Huang Rui’s new works of paintings and installations deal with China’s obsession with the power of money and the process of over-commercialization in China and all things Chinese. Through the current of fast-paced times is born “Comerchina.” Comerchina is a coined word meaning ‘made in China’ or ‘commercial China’. A new Chinese world order that is based more on commerce than on the intellectual. Comerchina uses the symbols of money, adverts and the touch pad of our mobile phones to create a highly stylized group of paintings that reflect the energy and superficiality of China’s current subconscious.
In the work, “Shadow,” four giant 100 RMB notes (270cm x 540cm) are cut up into 27 parts. The work is overlaid with the word “comerchina” on all but two parts that have the shadowed image of Chairman Mao. This watermarked image is overlaid with the characters symbolizing the words of Mao’s great speeches: upholding, proletariat, class and dictatorship. Together the words mean, “Maintain dictatorship of the proletariat.” Like all Huang Rui’s works this piece is typical in that it is layered with several meanings and connotations dealing with both China’s past and present, the current art market and the use of words as imagery. As Bérénice Angremy states in the exhibition catalogue: “Here we recognize the artist’s humor—both acerbic and poetic; for Huang Rui text is image, an image of power whose persuasive force is multiplied in comparison to a traditional representation of portrayed power.”

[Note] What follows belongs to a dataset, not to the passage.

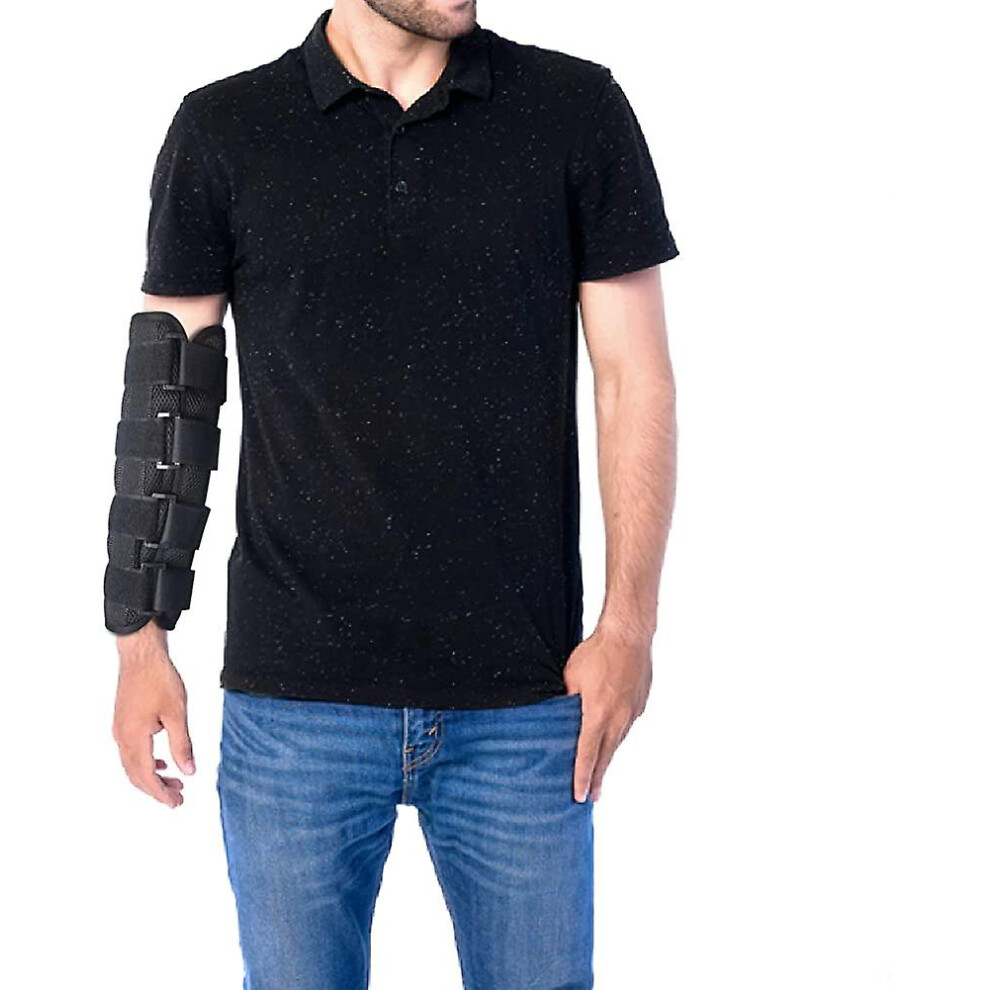 Elbow Brace Splint, Adult Arm Elbow Immobilizer, Adjustable Elbow Support Night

Another series, entitled “Hall of Fame” is a collaborative work in that Huang Rui engaged the community by making an online appeal for people to send in advertising imagery. He then selected 100 images that he used to collage a mobile phone keypad over the imagery of cars, cosmetics and luxury products. To accompany the RMB work, Huang Rui has composed this series of prints that look at the notion of commercialization. In 21st century China, the cellular telephone has become a ubiquitous necessity. Often a person will spend an obscene amount of money on a telephone in order to exude an aura of sophistication. The combination of advertisements with this symbol of wealth speaks for the materialistic turn society has taken.
The last piece is the game Comerchina that is a touch pad of the mobile phone placed on the floor. Children are invited to play the game, which has no beginning and no end in an infinite play of ‘hopscotch’ on the floor. Through the game, Huang Rui brings the notions of consumer conditioning that exists even in early ages.
Huang Rui is one of China’s most highly regarded artists, one of the founding members of the Stars Group of 1979 and a seminal figure of the Dashanzi Factory 798 Art District. Since co-organizing China’s first public art exhibition in Beijing in 1979, Huang Rui has sought to express art’s function as a reflection of society and its strength in addressing contemporary concerns.
Huang Rui’s works have been shown extensively in China and abroad. In addition to public performances in Japan, Beijing’s Dashanzi Art District and London, his work has been included in major exhibitions at the Louisiana Museum of Denmark, the Museo delle Mura in Rome, the 1st Guangzhou Triennial, and the Ullens Center for Contemporary Art Beijing.